Still looking for a statement worthy of “worst people in the world” designation? Maybe it was this:

[W]e must speak with love, always showing patience, understanding and compassion toward our adversaries. We are under command to love our neighbor (Luke 10:27), to forgive all men (Doctrine and Covenants 64:10), to do good to them who despitefully use us (Matthew 5:44) and to conduct our teaching in mildness and meekness (Doctrine and Covenants 38:41).

Even as we seek to speak with love, we must not be surprised when our positions are ridiculed and we are persecuted and reviled. As the Savior said, “so persecuted they the prophets which were before you” (Matthew 5:12). And modern revelation commands us not to revile against revilers (Doctrine and Covenants 19:30).

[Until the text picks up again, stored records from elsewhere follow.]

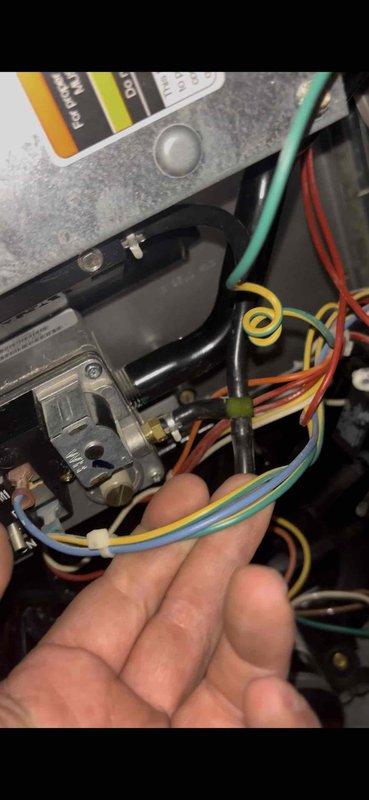 Responded to a no-heat call on a Bryant gas furnace (approx. 10 years old) and inspected the unit's internal wiring harness and gas valve assembly. Found loosely routed, cluttered low-voltage wiring in the control compartment; bundled and secured the wires with zip ties to restore proper routing and prevent interference with the gas valve and surrounding components. Verified no visible rust, frost, or physical damage to the cabinet interior.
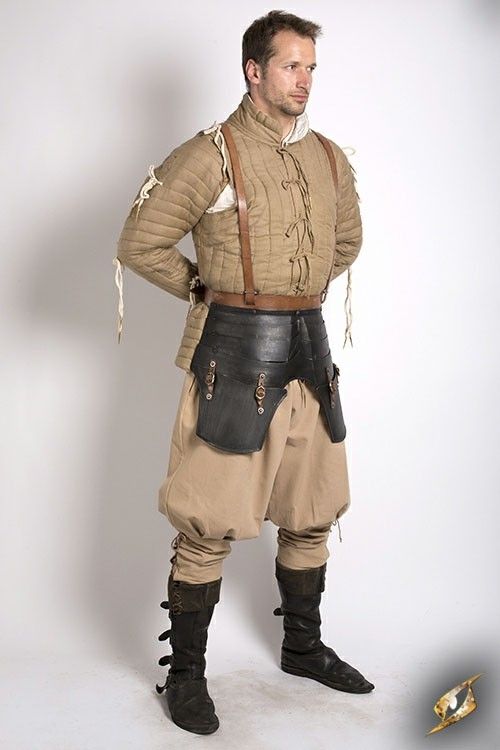 a man dressed in medieval armor, standing in front of a white background. he's wearing a padded leather jacket, a leather belt with metal buckles, leather pants, and leather boots.  he has a serious expression on his face.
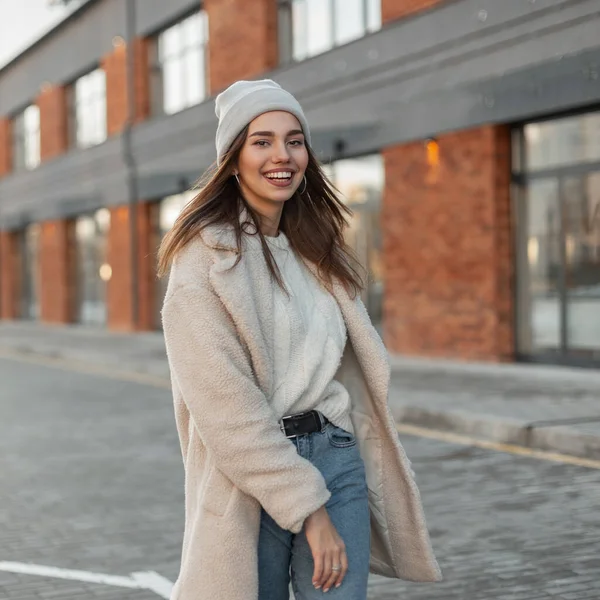 Pretty model of a happy young woman in fashionable casual youth spring outerwear enjoys a walk on the street in the city. Attractive happy girl with a positive smile in trendy clothes. Spring fashion.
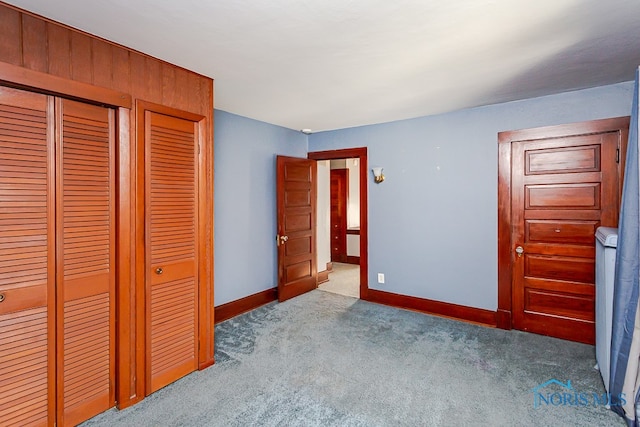 unfurnished bedroom featuring light carpet, a closet, and wood walls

Well, no, it probably wasn’t that. Maybe it was this:

[W]e must not be deterred or coerced into silence by the kinds of intimidation I have described. We must insist on our constitutional right and duty to exercise our religion, to vote our consciences on public issues and to participate in elections and debates in the public square and the halls of justice. These are the rights of all citizens and they are also the rights of religious leaders. While our church rarely speaks on public issues, it does so by exception on what the First Presidency defines as significant moral issues, which could surely include laws affecting the fundamental legal/cultural/moral environment of our communities and nations.

We must also insist on this companion condition of democratic government: when churches and their members or any other group act or speak out on public issues, win or lose, they have a right to expect freedom from retaliation.

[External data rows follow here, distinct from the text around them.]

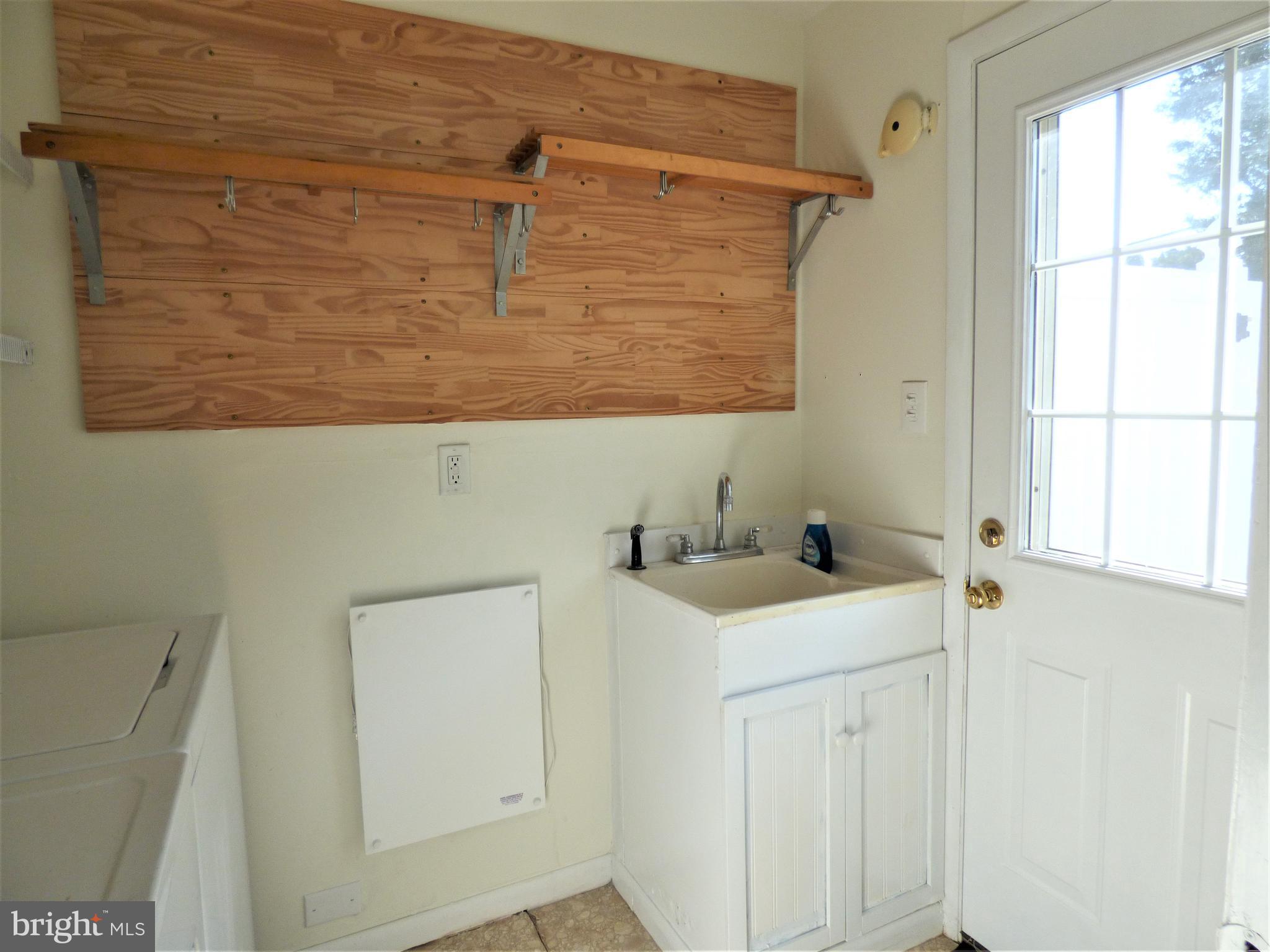 251 Parry Road Warminster, PA 18974 - Photo 27 of 34 Laundry Room - Door to Rear Yard
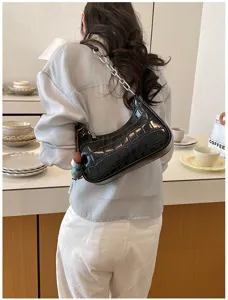 Chic black crocodile pattern hobo shoulder bag with metal chain strap for women daily use.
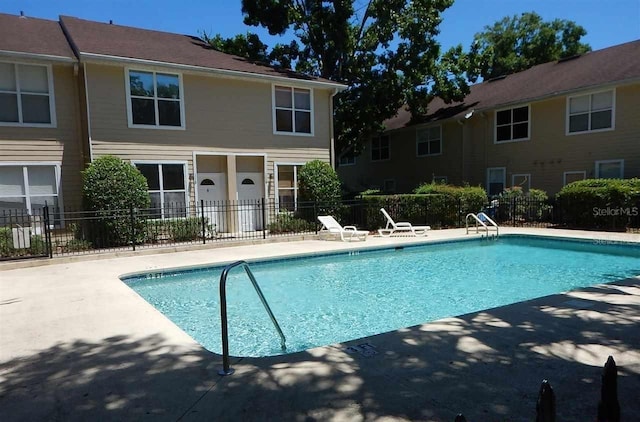 pool featuring a patio area and fence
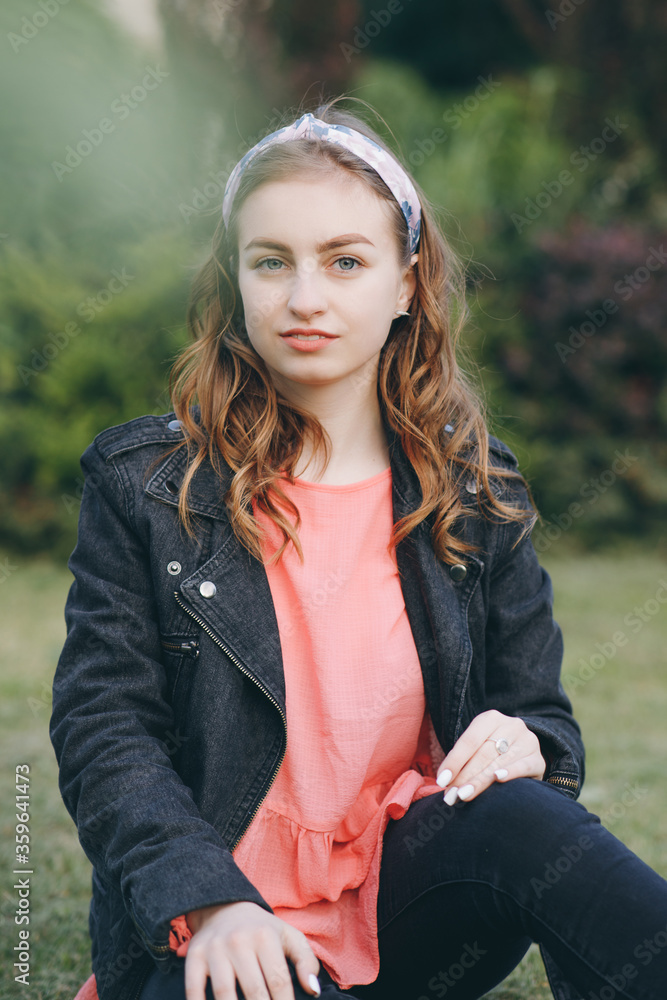 Obraz premium Attractive young woman enjoying her time outside in park with sunset in background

Uh-oh. Now we are getting somewhere. Elder Oaks seems to be about to decry the retaliation and intimidation that Prop 8 opponents employed against Mormons – and many others – who supported Prop 8. I am talking about the publication of maps showing the homes of individuals who donated to the Yes on 8 campaign; boycotts of their businesses; identification of Mormons among the public lists of donors to the Yes campaign; and other admitted efforts at intimidating voters from exercising their Constitutional rights.

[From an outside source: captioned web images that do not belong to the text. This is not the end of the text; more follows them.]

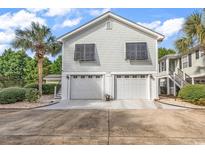 Two-story beach home with a two-car garage, complemented by tropical palm trees and a light gray exterior at 1125 Camellia Dr., Surfside Beach, SC 29575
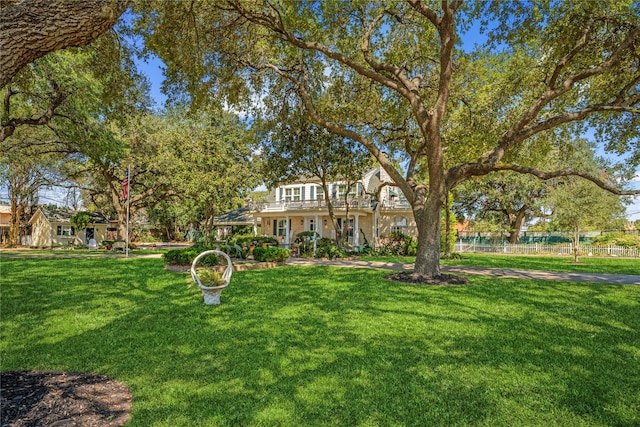 view of front of house with fence and a front lawn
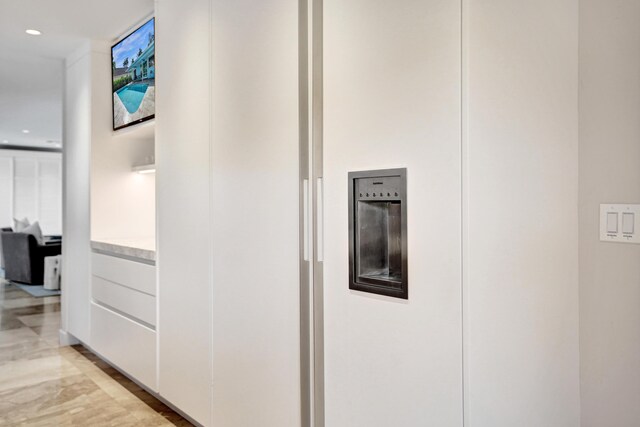 hall featuring recessed lighting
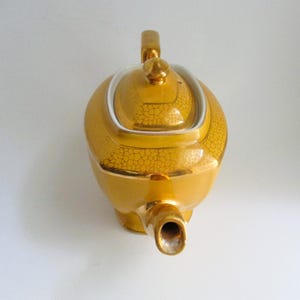 May include: A gold teapot with a textured, crackled design. The teapot has a rounded body, a curved handle, and a spout. The lid is topped with a small finial. The teapot is likely made of ceramic or porcelain.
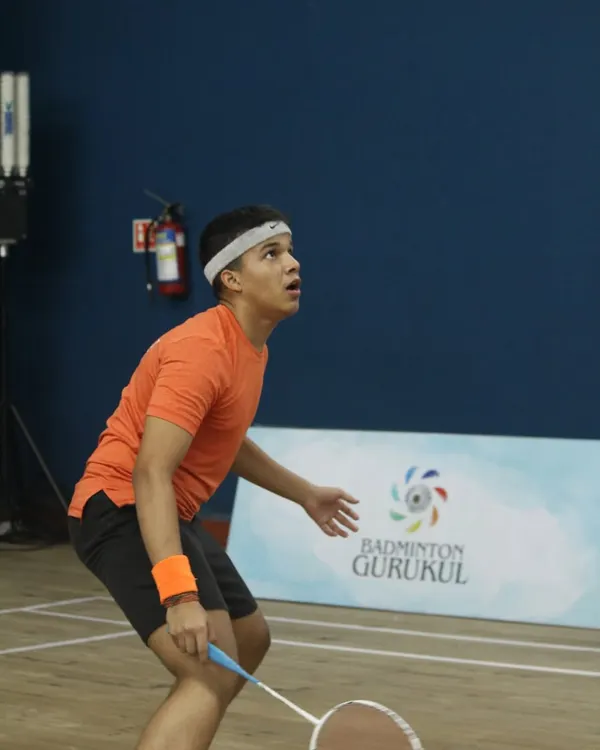 A young player tracks the shuttlecock with intense focus during the Yonex Sunrise Gautam Thakkar Memorial Championship. Our events provide a platform for serious junior competitors to shine.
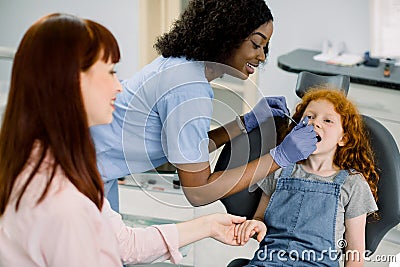Little school girl with red curly hair, visiting dentist for checkup or caries treatment, sitting in dental chair and Stock Photo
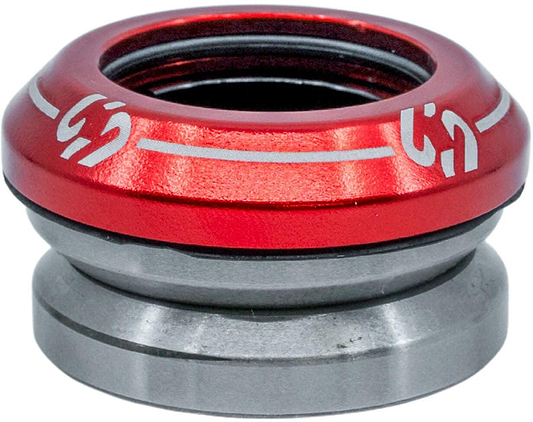 The CORE Icon Integrated Stunt Scooter Headset in red features durable bearings for smooth rotation, with white markings on the upper red section and a metallic lower part, shown against a white background.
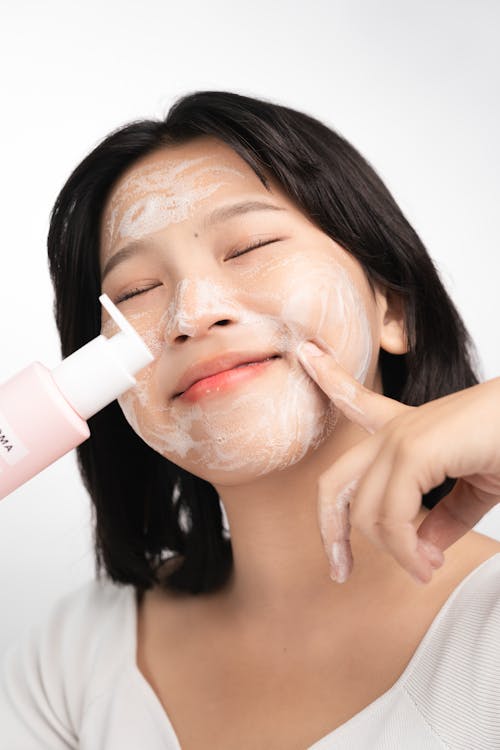 Young Smiling Woman with Facial Cleanser Applied to Her Face Holding a Bottle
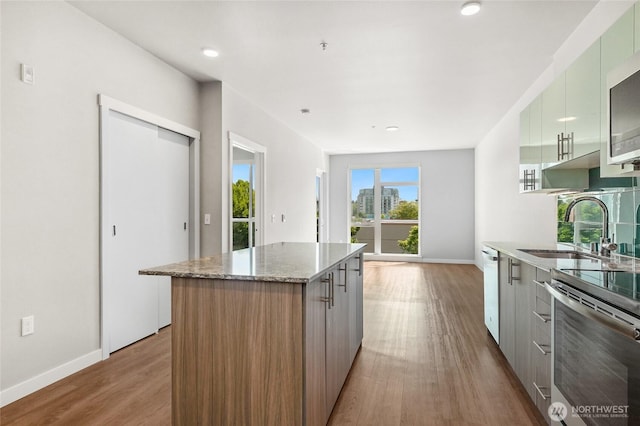 1085 103rd Ave NE Unit 217, Bellevue, WA 98004 - kitchen with modern cabinets, wood finished floors, a center island, stainless steel electric stove, and white dishwasher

This is no joke, by the way. I remember hearing Fred Karger, the leader of the charmingly named Californians Against Hate, say on the Al Rantel show (KABC radio, Los Angeles) that the reason donors were being identified and harassed was to make sure they thought twice about donating the next time there is an election about same-sex marriage.

These two paragraphs are probably the most controversial of Elder Oaks’ speech:

Along with many others, we were disappointed with what we experienced in the aftermath of California’s adoption of Proposition 8, including vandalism of church facilities and harassment of church members by firings and boycotts of member businesses and by retaliation against donors. Mormons were the targets of most of this, but it also hit other churches in the pro-8 coalition and other persons who could be identified as supporters. Fortunately, some recognized such retaliation for what it was. A full-page ad in the New York Times branded this “violence and intimidation” against religious organizations and individual believers “simply because they supported Proposition 8 [as] an outrage that must stop.” The fact that this ad was signed by some leaders who had no history of friendship for our faith only added to its force.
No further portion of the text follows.